Parmi les mesures dégagées dans le cadre de l’accord gouvernemental, figure un surcroît de précompte de 4% à payer par les particuliers sur les intérêts et dividendes supérieurs à 20.000 euros par an, à tout le moins ceux qui n’auraient pas été déjà frappés d’un précompte de 25%. Si, pour la plupart des dividendes, rien ne changera, cette contribution de 4%, qui ressemble fort à un impôt sur la fortune, n’est pas négligeable. Mais cela n’inquiète manifestement pas les "riches" que nous avons rencontrés.
Interviews croisées avec Laurent Minguet (ex-EVS) et Jean-Marie Delwart (ex-Floridienne). Laurent Minguet a fait fortune en revendant ses parts dans EVS, une entreprise liégeoise, qu’il a avait co-crée, spécialisée dans les applications vidéo numériques professionnelles. L’actuel président de Tweed, le cluster wallon des entreprises actives dans le renouvelable, juge les nouvelles taxes "justifiées". Quant à Jean-Marie Delwart, l’ancien patron de la Floridienne, il dirige le fonds Biotec qui investit dans des entreprises spécialisées dans les biotechnologies.
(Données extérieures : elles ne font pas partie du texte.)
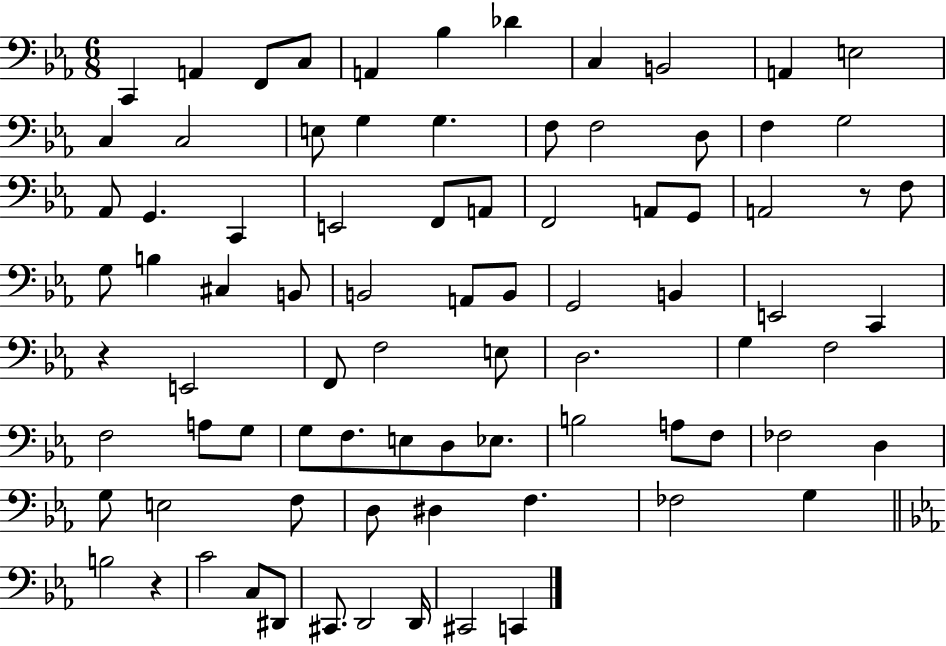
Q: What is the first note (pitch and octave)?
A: C2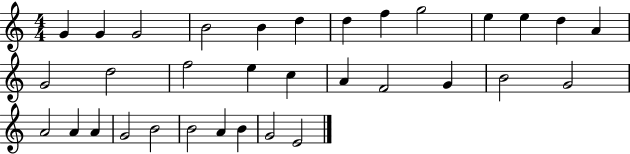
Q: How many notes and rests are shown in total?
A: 33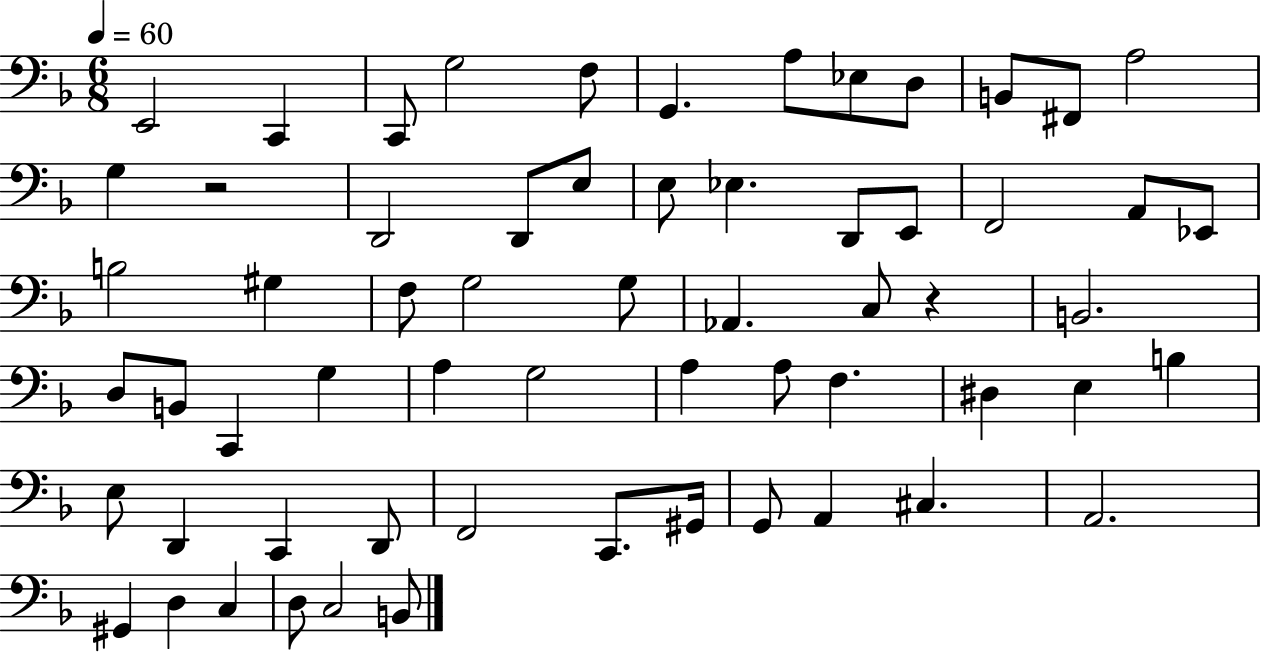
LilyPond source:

{
  \clef bass
  \numericTimeSignature
  \time 6/8
  \key f \major
  \tempo 4 = 60
  e,2 c,4 | c,8 g2 f8 | g,4. a8 ees8 d8 | b,8 fis,8 a2 | \break g4 r2 | d,2 d,8 e8 | e8 ees4. d,8 e,8 | f,2 a,8 ees,8 | \break b2 gis4 | f8 g2 g8 | aes,4. c8 r4 | b,2. | \break d8 b,8 c,4 g4 | a4 g2 | a4 a8 f4. | dis4 e4 b4 | \break e8 d,4 c,4 d,8 | f,2 c,8. gis,16 | g,8 a,4 cis4. | a,2. | \break gis,4 d4 c4 | d8 c2 b,8 | \bar "|."
}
Pour lui, les impôts sont un devoir patriotique…
Avez-vous été choqué par les hausses fiscales annoncées par le gouvernement?
Laurent Minguet: Pas du tout. L’Etat providence a été manifestement trop généreux. Aujourd’hui, les dépenses sont supérieures aux recettes et les gouvernements ont toujours reporté leur endettement sur les générations futures. Aujourd’hui ces générations futures, c’est nous. Et il est normal qu’on rembourse l’argent qu’on nous a donné car, il ne faut pas se leurrer, nous avons tous profité de la situation antérieure.
Jean-Marie Delwart: Non, je n’ai pas été surpris. On aurait pu envisager également de faire des économies sur les régimes des fonctionnaires mais je trouve subtile l’idée d’une taxe de solidarité de 4%. Quant à la hausse du précompte sur l’épargne dormante, je la comprends car la taxe se rapproche ainsi de celle qui est imposée aux placements boursiers qui elles, aident directement les entreprises à se développer. C’est une bonne mesure qui va aider notre économie. Et puis quand on voit que l’Etat cherche 11 milliards de recettes supplémentaires, on se dit que ce n’est pas une montagne au vu des 230 milliards d’euros que les belges ont déposé dans les banques.
Savez-vous combien vous coûteront ces nouvelles taxes?
Laurent Minguet: Je trouve normal que l’Etat ait cherché à maintenir le pouvoir d’achat des gens qui sont au taquet. Quant à la taxe de solidarité de 4%, je trouve cette mesure sympathique. Elle devrait me coûter 4.000 euros par an. Ce n’est pas extravagant. Je pense que le gouvernement aurait même pu aller encore plus loin, même si beaucoup de gens vont se plaindre. Vous savez, 90% des personnes sont réactionnaires qu’elles soient de gauche ou de droite et elles pensent que leurs privilèges sont coulés dans le bronze. Mais nous n’avons pas le choix. Si on veut s’opposer au changement, c’est contre le changement climatique qu’il faut lutter… On doit avancer à nouveau dans la bonne direction et ne pas maintenir les aberrations fiscales du passé. Pourquoi ne pas simplifier comme aux Etats-Unis et taxer tous les revenus au même niveau. La Belgique a changé les règles du jeu en 1952 en mettant en place des forfaits et des précomptes sur les avoirs mobiliers et immobiliers. Résultat: seuls les revenus du travail sont taxés de manière proportionnelle…
Jean-Marie Delwart: Je le sais mais je ne vais pas vous le dire. Cela ne me chagrine pourtant pas de les payer. On doit tous s’y mettre. C’est presque un investissement de patriote. J’ai d’ailleurs pas mal d’amis qui seraient favorables à une solution comme un emprunt d’Etat pour aider le pays. La plupart des gens de ma génération sont aujourd’hui pensionnés et ils souhaitent faire quelque chose pour leur pays afin d’assurer un avenir à leurs enfants et à leurs petits-enfants. Ils veulent que la Belgique retrouve un certain équilibre semblable au modèle suisse. Nos amis flamands sont par contre plus remontés contre ces nouvelles taxes car ils estiment que l’argent qui part au fédéral est mal géré. Ils sont plus favorables à un modèle "à la grecque" avec d’importantes économies au lieu d’une imposition du capital. Les Wallons sont plus enclins à faire des efforts.